### Work task
Give back every line of the material exactly. Skip the pictures.

### Supplied information
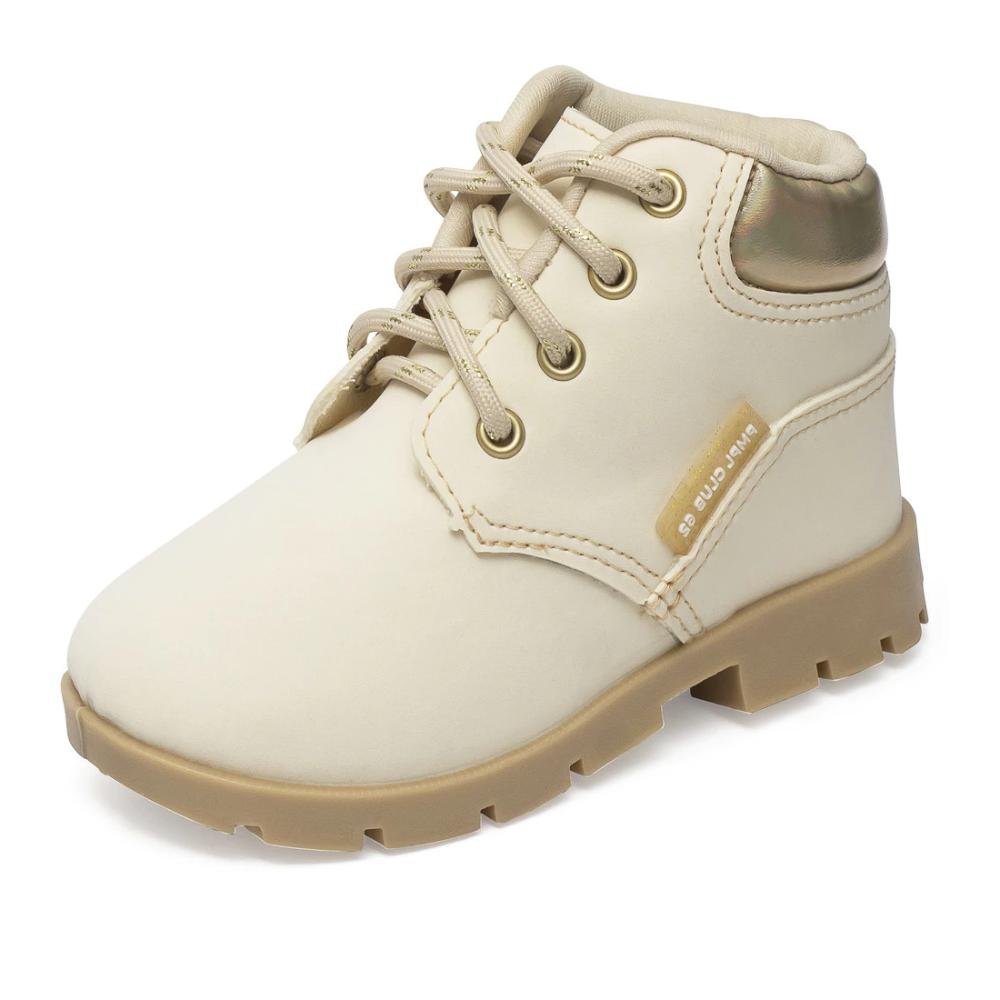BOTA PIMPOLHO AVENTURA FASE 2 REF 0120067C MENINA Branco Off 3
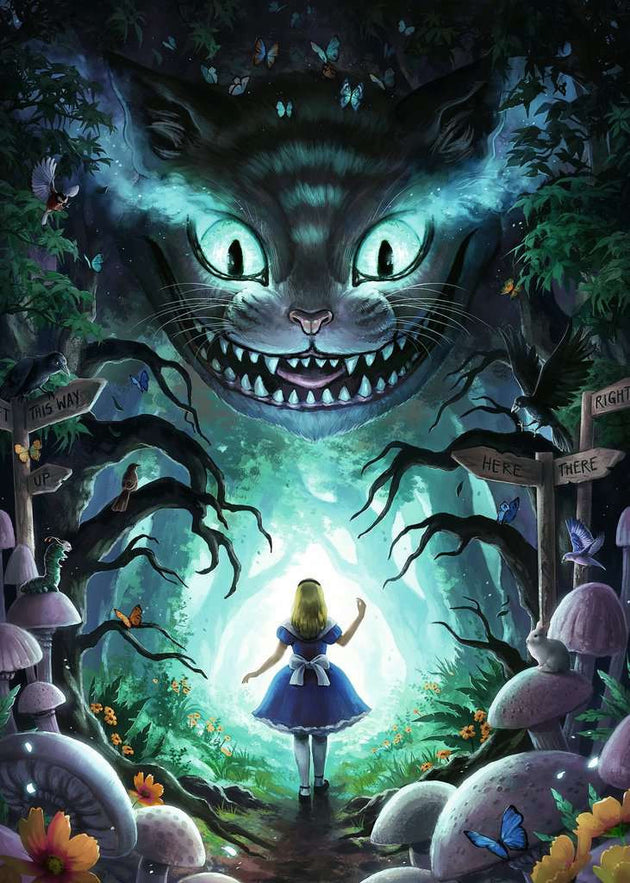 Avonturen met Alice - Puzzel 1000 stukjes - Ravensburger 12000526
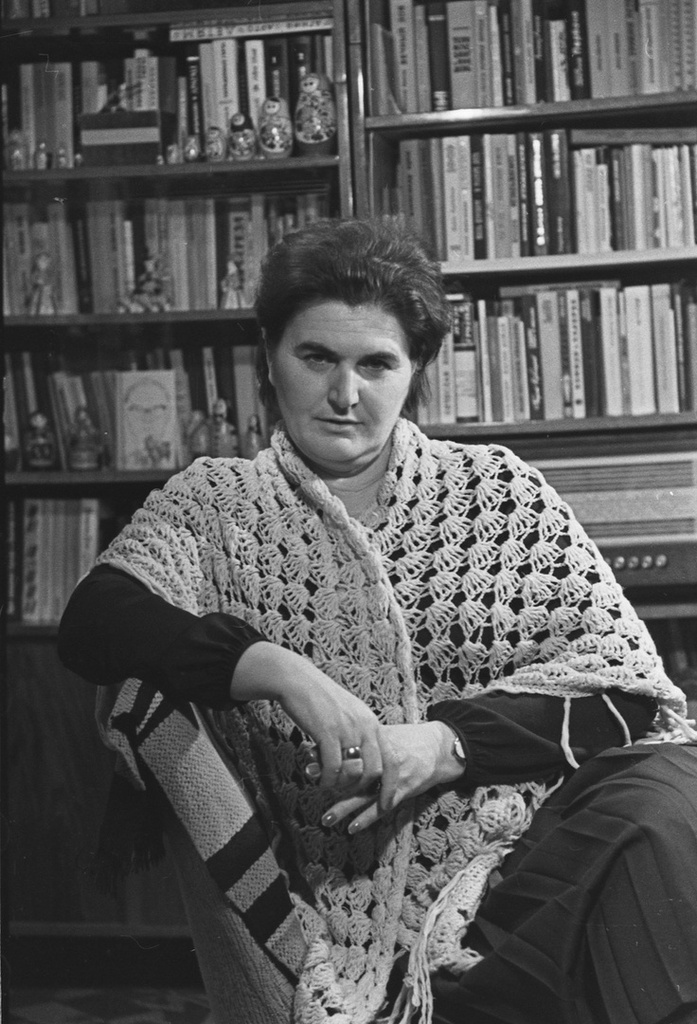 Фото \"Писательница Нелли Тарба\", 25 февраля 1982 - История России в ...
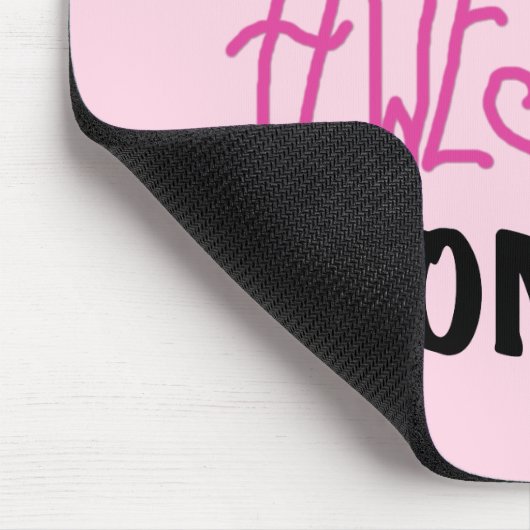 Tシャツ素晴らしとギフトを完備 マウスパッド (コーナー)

### Exercise response
BOTA PIMPOLHO AVENTURA FASE 2 REF 0120067C MENINA Branco Off 3
 Avonturen met Alice - Puzzel 1000 stukjes - Ravensburger 12000526
 Фото \"Писательница Нелли Тарба\", 25 февраля 1982 - История России в ...
 Tシャツ素晴らしとギフトを完備 マウスパッド (コーナー)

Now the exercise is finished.